Implications and key takeaways
Despite an emerging consensus that there are many benefits to a potential comprehensive federal privacy law in response to increasing state legislative activity, the federal government continues to actively regulate cybersecurity. The existing federal government approach continues to leverage the expertise Congress believes individual administrative agencies have within their particular mandates. While a single federal law may offer significant benefits in relation to a patchwork of competing state laws, whether such a law would be superior to existing federal approaches in particular regulated sectors has gone largely undiscussed. In the meantime, new federal, state and international regulations continue to proliferate often with little cost-benefit analysis being undertaken not only among the competing approaches themselves but also with respect to the costs of regulation generally with respect to other important values such as, for example, free speech.
In 2022, there has already been a significant amount of activity among Federal agencies in the sectors related to expanding cybersecurity incident reporting requirements and obligations with implications for businesses.
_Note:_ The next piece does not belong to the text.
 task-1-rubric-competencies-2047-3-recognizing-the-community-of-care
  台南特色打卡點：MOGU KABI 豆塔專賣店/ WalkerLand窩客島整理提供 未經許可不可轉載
Organizations operating in banking, telecommunications, securities, healthcare, critical infrastructure and other industry sectors will want to take note of this recent activity and consider incorporating these new risks into their data security planning and budgeting. Similarly, companies who act as vendors and suppliers to businesses in these sectors may face confusing and conflicting requirements which may drive a race to the bottom for operational compliance similar in many respects to complaints raised by the lack of a single federal breach notification law.
The nature, timing and scope of disclosures made to regulators and others continues to pose difficulties among many organizations as forensic and related investigative work (and legal advice) often takes time and the relevant and material facts and circumstances change over the course of the investigation. Efforts to meet “mandatory” reporting deadlines may contribute to false positives, do little to benefit consumers or others, and, at least in the EU has been acknowledged by regulators in a number of circumstances as taxing limited regulatory resources.
Ultimately, organizations which focus on broad, broad strategic privacy, security and information governance programs that are informed by law but go beyond law will be better positioned to adapt to new requirements. In particular, moving beyond tick-the-box compliance-focused approaches to risk-based controls schemes that are values-driven remains one of the most effective ways to develop sustainable practices in these areas.